Using tile as a baseboard, rather than wood trim, not only is a fresh and different look, but it provides more protection for the wall. The classic application of tile baseboard is on tiled floors in bathrooms, providing a solid "bowl'' of moisture-proof protection throughout the room. Using tile baseboard in a living room or study with a wood floor is a more unusual (and interesting) application. You can get long, narrow tiles that are designed as baseboards, but any tile with a beveled or bullnosed edge will work.
Things You'll Need
- Tape measure
- Chalk snapline
- Wide painter's tape
- Thinset mortar
- Notched trowel
- Baseboard tile
- 1/4-inch plastic tile spacers
- Tile cutter
- Premixed grout
- Rubber grout float
- Caulk, of a similar color to the grout
Finish your floor first. Measure the height of your tile. Add 1/4 inch to that measurement. Mark the wall every three feet along the bottom at that adjusted measurement (i.e., if the tiles are 4 inches high, put your marks along the wall at 4 1/4 inches from the floor.)
With a helper, stretch your chalk snapline tightly across at the wall at the level of the marks. Make sure the string isn't below any of the marks along the wall. If it is (which means the floor is high in that spot), then raise the line as needed. Snap the line.
Run a piece of wide painter's tape just above the snapped line.
If the floor is covered with tile of the same width as the baseboard tile--meaning you're going to line up the grout lines--then use your level to draw a straight vertical line on the wall that meets any one of the grout lines on the floor. If the floor is of a different configuration, then measure the length of the wall and put your vertical line at the very center of the wall length. In either case, keep the line below the painter's tape.

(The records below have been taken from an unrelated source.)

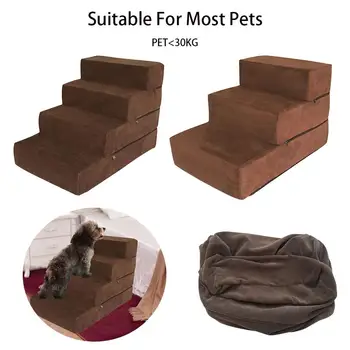 

AUGKUN Large Pet Stair Dog Stair Step High Quality Dog Ladder Bed Step Climb Ladder Mat Help Small Dogs Or Older Dogs In Stock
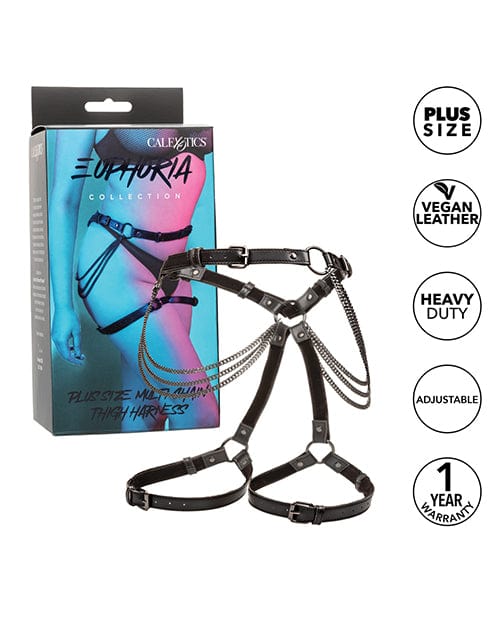 Euphoria Collection Plus Size Multi Chain Thigh Harness Bondage Blindfolds & Restraints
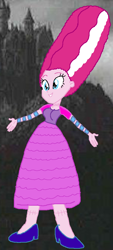 Size: 458x1015 | Tagged: safe, artist:ktd1993, derpibooru import, pinkie pie, equestria girls, bride of frankenstein, cute, frankenstein, solo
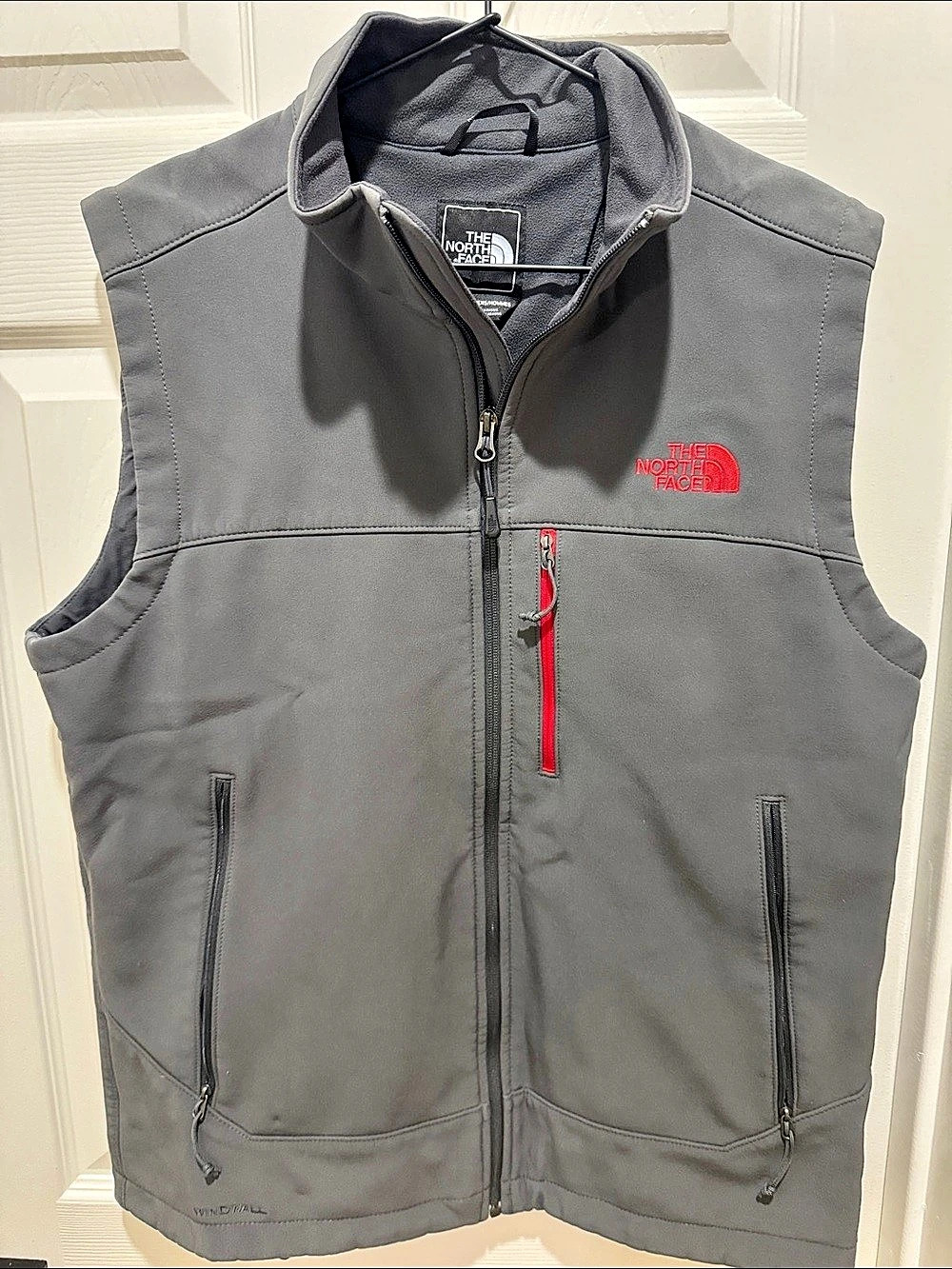 The North Face Apex Bionic Vest Men's Gray Soft Shell Size Medium
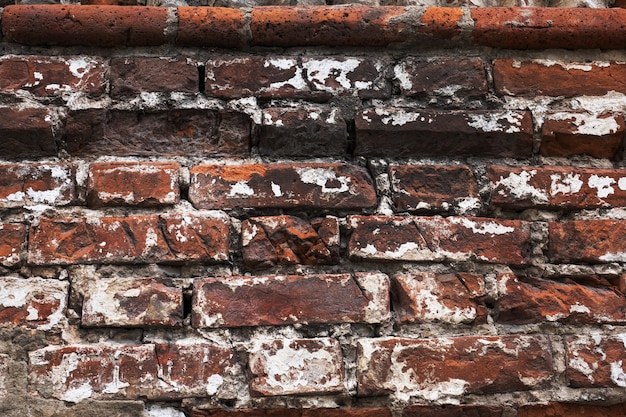 Red brick wall texture background old rustic.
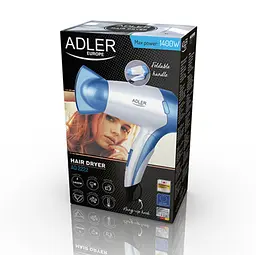 Фен для волосся Сушарка Adler AD 2222 1200Вт - мініатюра 2
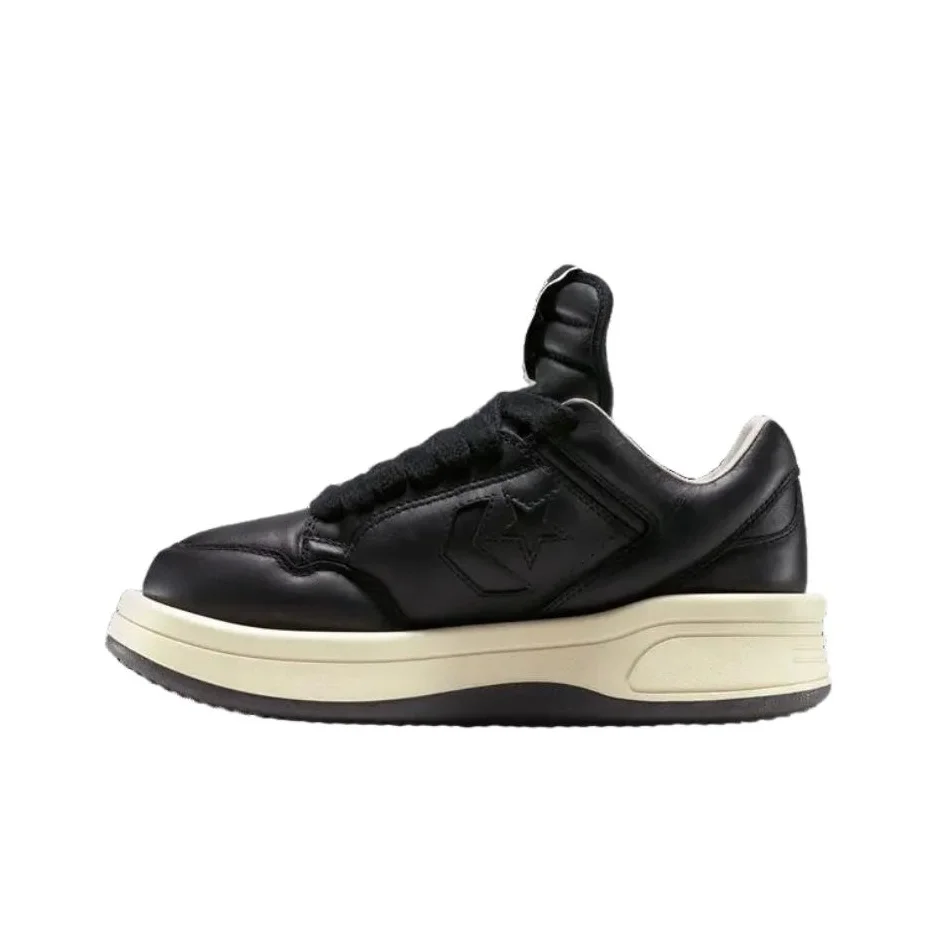 Turbowpn Rick Owens x Drkshdw Converse Low 'Cream de nube negra' A12063C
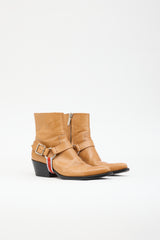 Calvin Klein 205W39NYC Leather Harness Western Boot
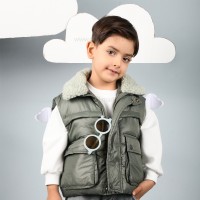 پافر اسپرت طرح ساده رنگ سبز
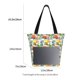 thumbnail image 3 of Fotbe Retro Bike Bolsa de Playa con Estampado, Bolsa de Hombro, Bolsa de Mano Espaciosa, Bolsa de Viaje Ligera, Bolsa de Compras Versátil, 3 of 6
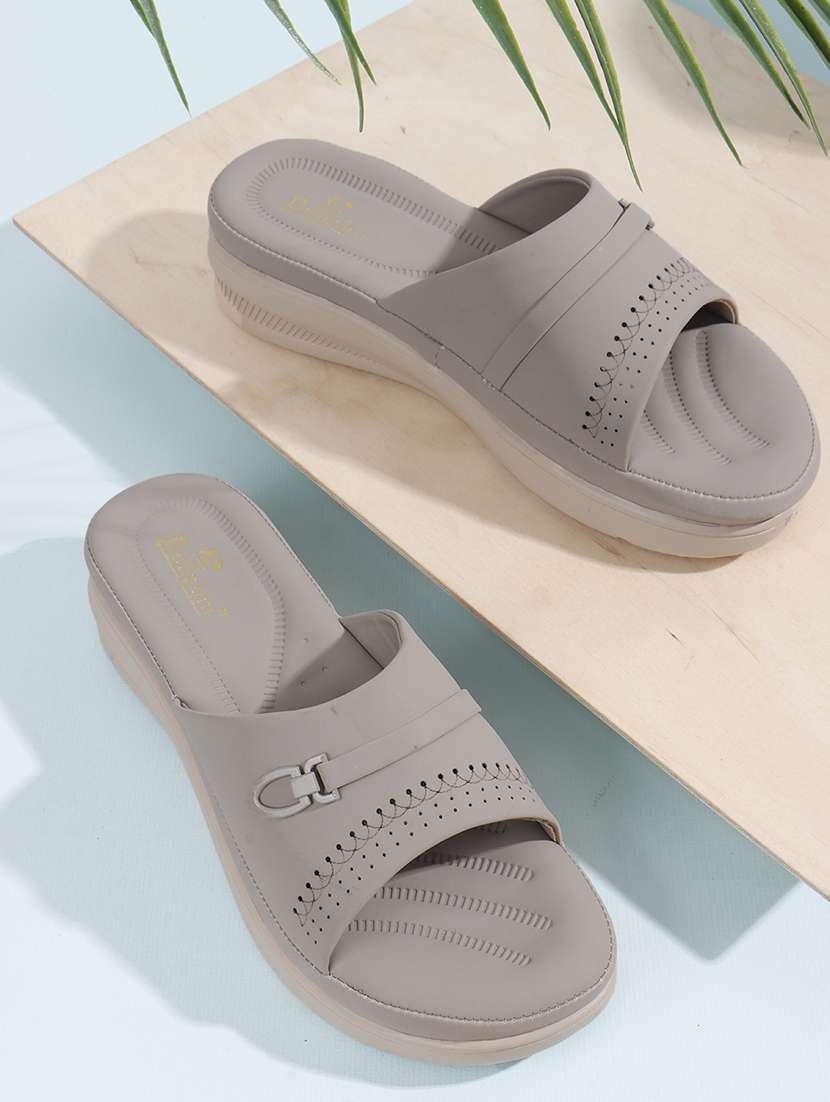 women grey slip on wedge - 22078287 -  Zoom Image - 0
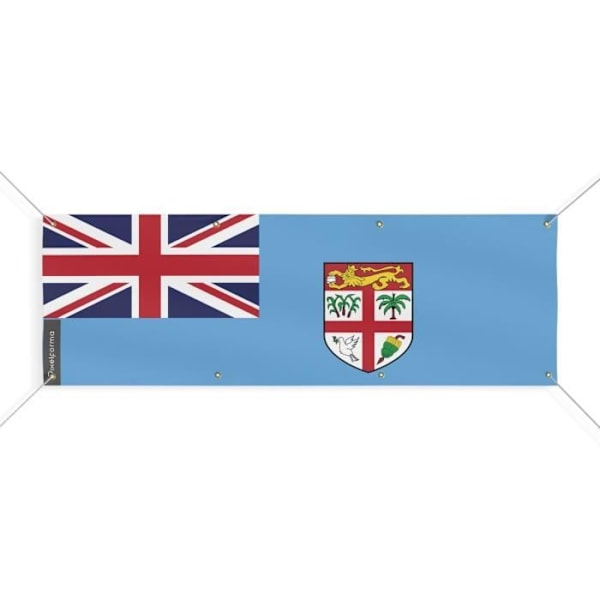 Fiji Flag Banner 8 Øjer 140x420 cm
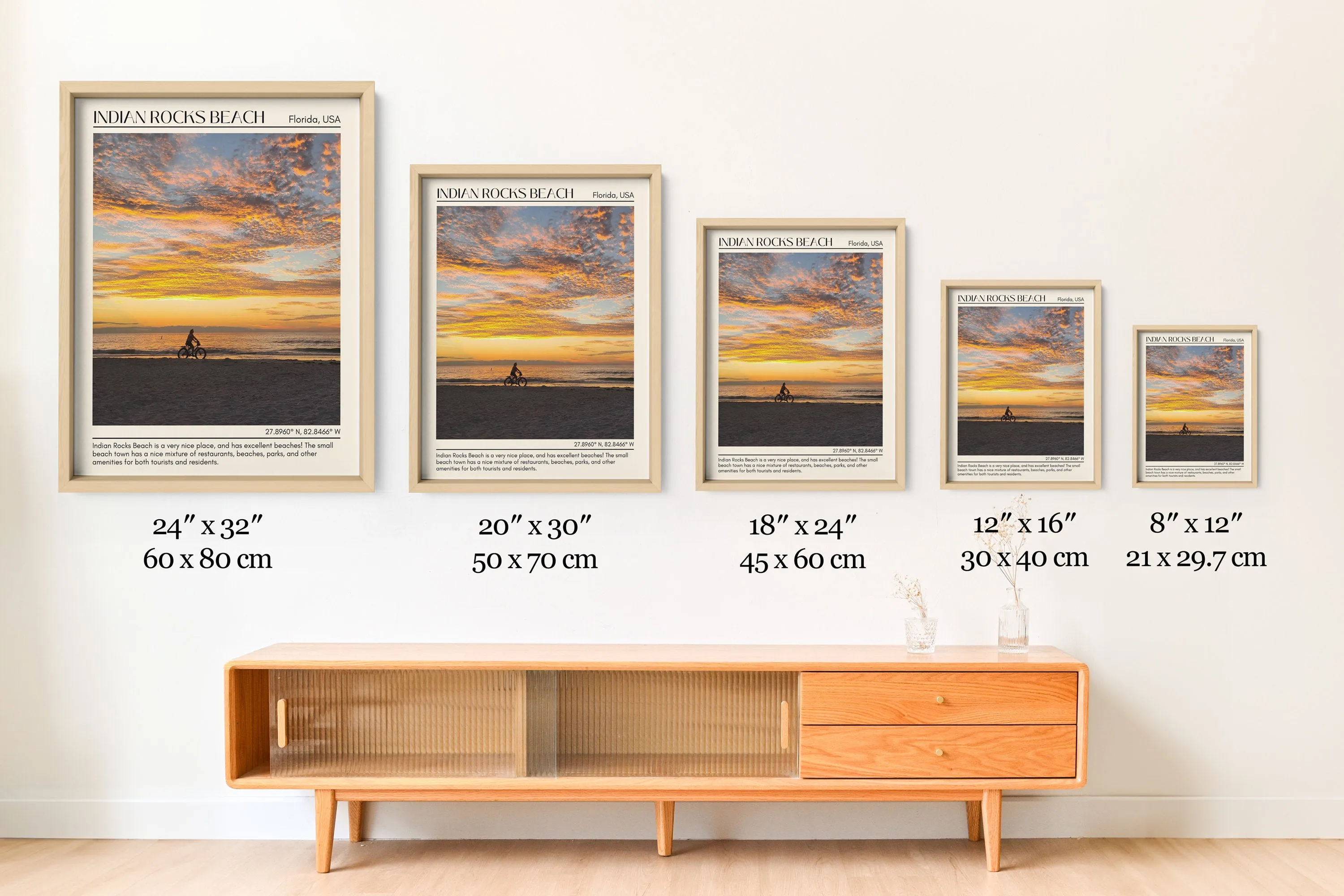 Indian Rocks Beach Wall Canvas, USA
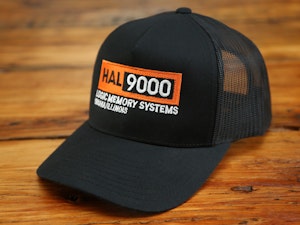 HAL 9000 (EMBROIDERED) - SNAPBACK TRUCKER CAP-2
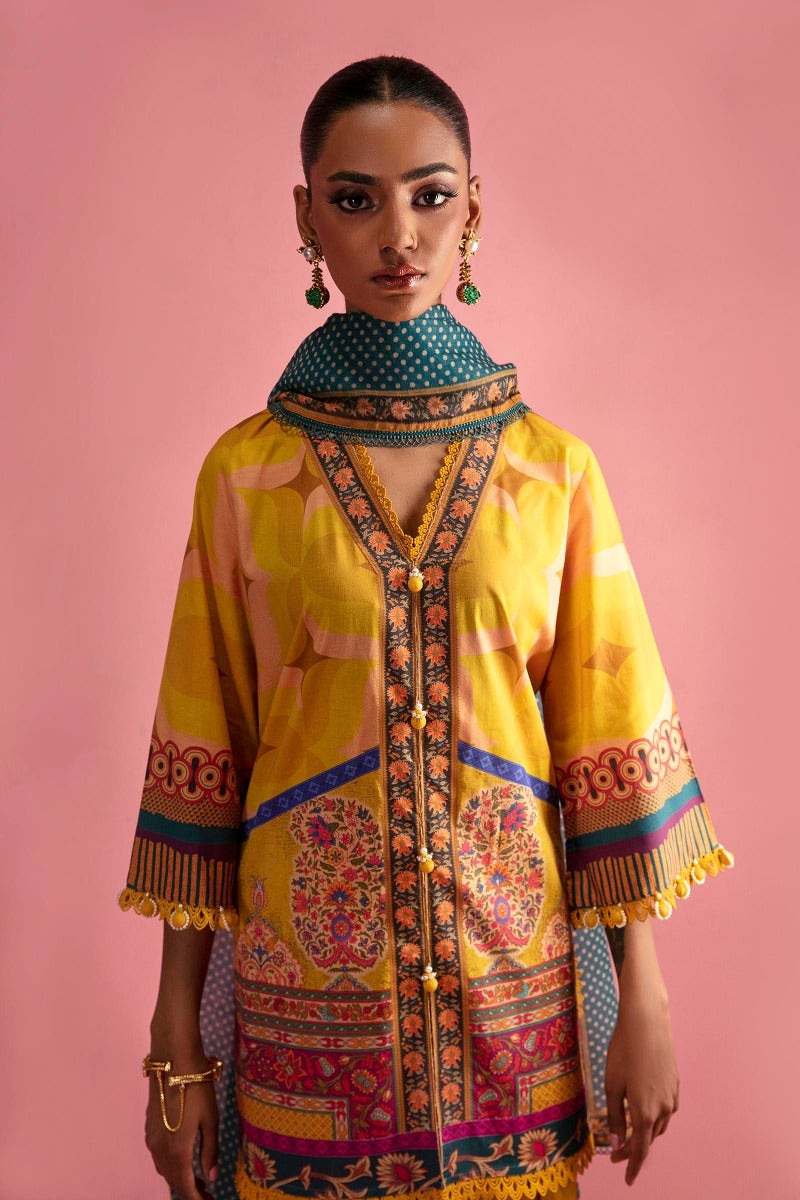 22 B - Mahay Summer Lawn Collection'23 - Shahana Collection UK - Sana Safinaz 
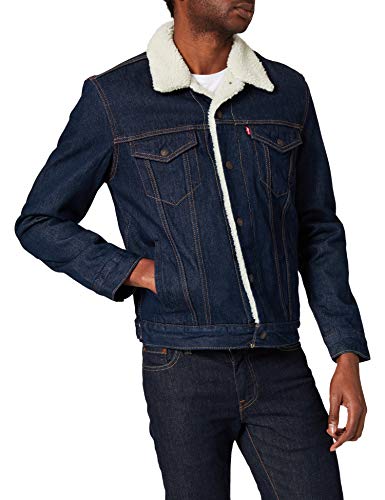 Levi's Type 3 Sherpa Chaqueta, Azul (Rockridge Trucker), L para Hombre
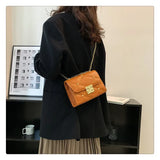 Diamond Lattice Small Flap Women Bags Shoulder Messenger Purses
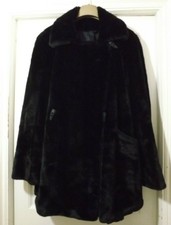 A Lovely Black Soft Faux Fur Coat Free Size Plus Oversized Fit
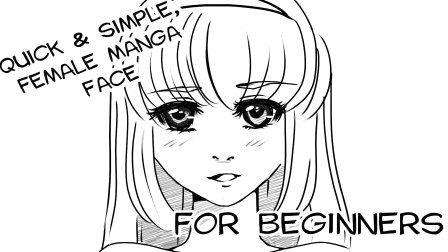 3d Drawing Girl Face Drawing and Simple Shading A Basic Female Manga Face My Saves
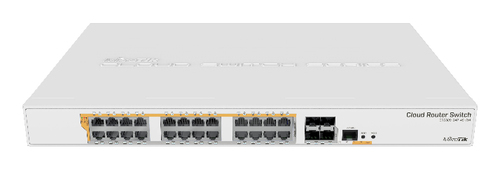 Mikrotik (CRS328-24P-4S+RM), L2/L3, Gigabit PoE Managed Switch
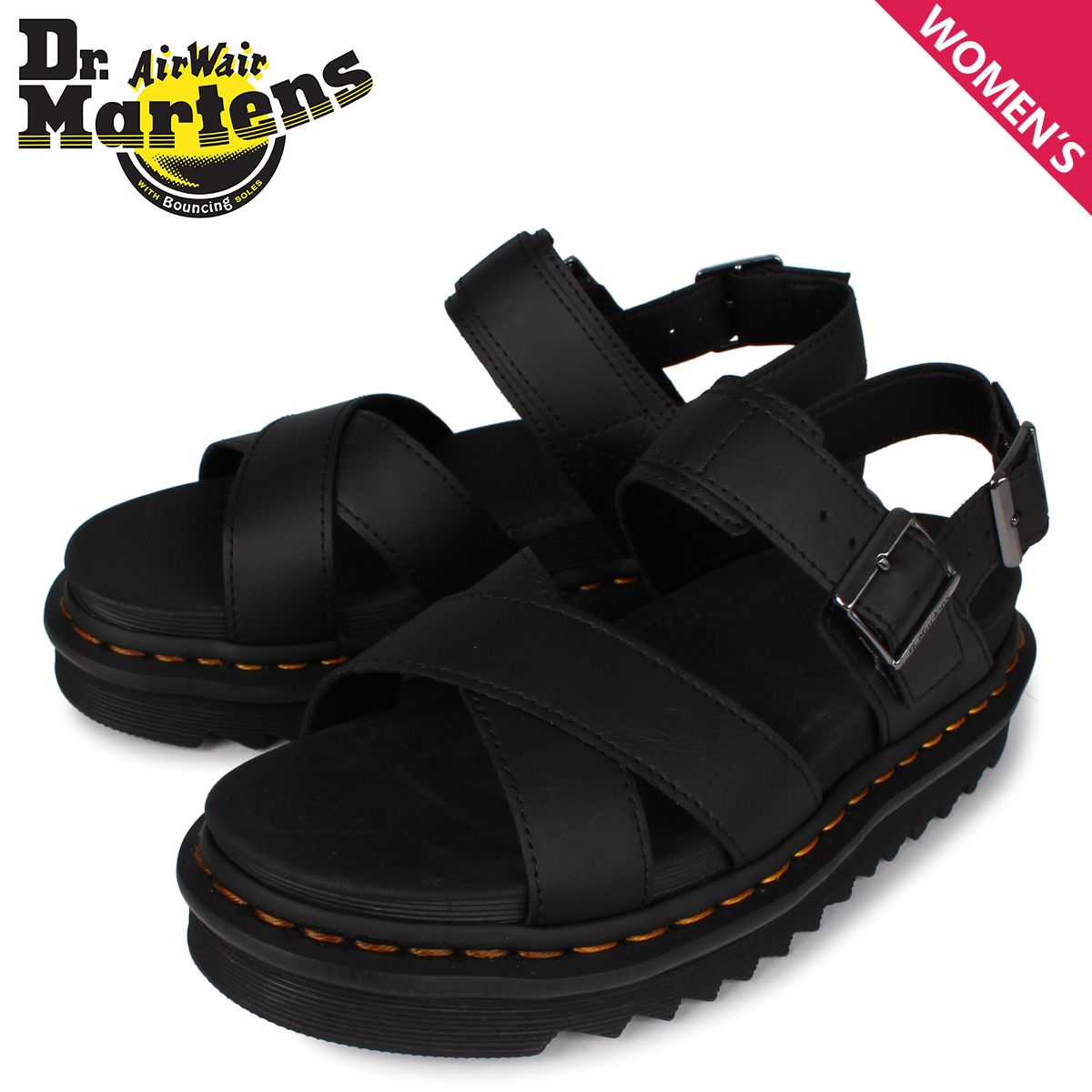 ドクターマーチン Dr.Martens ストラップサンダル ヴォス レディース 厚底 VOSS 2 26799001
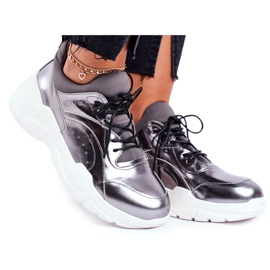 Adidași pentru femei Goe Leather Pewter GG2N3040 negru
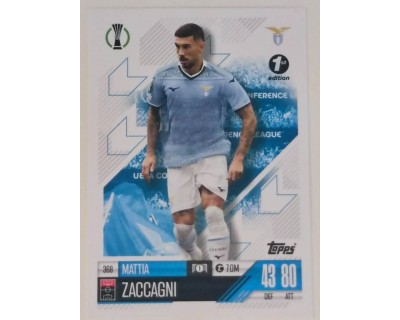 MATCH ATTAX CHAMPIONS LEAGUE 2024/2025 MATTIA ZACCAGNI Nº 368 1ST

Starting on either side of the vertical line, spread thinset mortar on the wall with your notched trowel, coating the wall between the floor and the painter's tape. Let the mortar go just over the bottom edge of the tape, but not above it. Press your first tile into place, putting two plastic spacers between the bottom edge and the floor. Make sure the rounded finish edge is facing up and lining up with the bottom of the tape.
Continue tiling across the wall, putting plastic spacers on the bottoms and sides of the tiles. Cut the end pieces as needed on your tile cutter. Pull out the plastic spacers and peel off the painter's tape, taking the excess mortar with it. Let the tiles set overnight.
Lay a clean strip of painter's tape along the top edge of the tiles. Use your grout float to press your premixed grout onto the tiles, pressing it into the lines and squeezing it off the tile face. Grout to the tops of the tiles, letting the tape shield the wall from the excess (don't let any grout get beyond the tape and onto the wall.) Don't grout the corner between the bottom of the tile and the floor, but leave it open. Wipe down the tiles with a damp sponge to take up the excess grout. Remove the tape and let the tiles set for a day.
Run a line of caulk along the bottom of the tiles, filling the space where the wall tiles meet the floor. Make sure the line is straight and clean.
Tips & Warnings
- Wear eye protection when using your tile cutter.